"For a moment, she re-discovered the purpose of her life. She was here in earth to grasp the meaning of its wild enchantment and call each thing by its right name.” -Boris Pasternak

Monday, August 17, 2009

Sentimental Heart

She & Him "Sentimental Heart"

Last night there was a dinner with old family friends. I figured out a lot of things about myself last night. What I do does not define me, and safety isn't always a bad thing. Sometimes it takes older and wiser faith family members who have walked with you for ten years to gain clarity on life.

When you've got a sentimental heart, everything is connected. And everything is an ideal (and an ordeal). And everyone supports you, or by some cosmic mishap, everyone is out to get you.

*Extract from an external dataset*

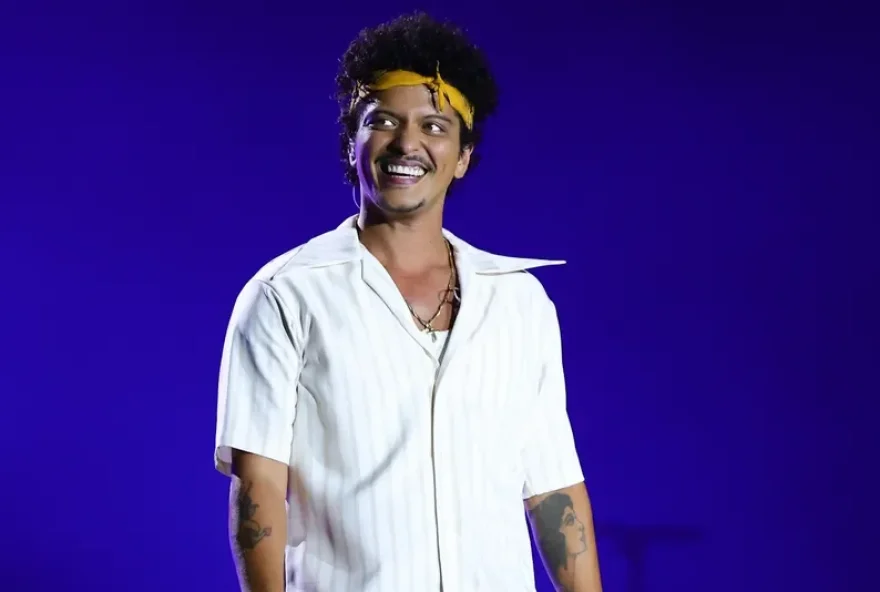 Cantor Bruno Mars anuncia show em Brasília para 17 de outubro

Expectations are so dangerous.

My friend Charlotte and I were running errands today (of course this ended with us buying unneeded clothes) and we listened to an old CD. On this record I found, titled, Amma- on it is myself and my friend Megan. We were 15 years old when a guy named Mitch thought we had something going for us. There are about ten songs on the CD and some sounded really good. Most of the songs are about love and relationships. We were 15, so you could say the depth was missing.

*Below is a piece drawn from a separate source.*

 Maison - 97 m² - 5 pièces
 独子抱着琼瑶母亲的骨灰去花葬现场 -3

Charlotte reminded me that right after we recorded this "album" we were listening to it on headphones and Megan stated that the song, Beautiful Girl, which I wrote and sang was and I quote, "better than an orgasm."

Again, we were 15. As Charlotte recalls, I told Megan that she shouldn't say that because none of us new how great an orgasm is.

Today, whether any of us know what an orgasm is, having a connection that goes back to five years, and another five years before that for me and Megan, I am feeling heartbroken to leave.

Having dinner with friends who get me.

Hugging a youth pastor for the last time and choking back tears.

Listening to an old and bad CD of myself with a beautiful woman.

Eating a salad at Souplantation with Lauren, looking up and realizing that she is laughing at me for dragging the cookie on my emptied plate to get the remains of the salad dressing.

Looking around my room without my wall decorations and without my books.

I guess I am just sentimental.

1 comment:

Natalie said...

Oh beautiful girl. I will miss you so much and since we didn't get a proper goodbye, I hope we can try to stop by this sunday when we drop shelby off and are on our way back home. I'll be the first to see the new place!!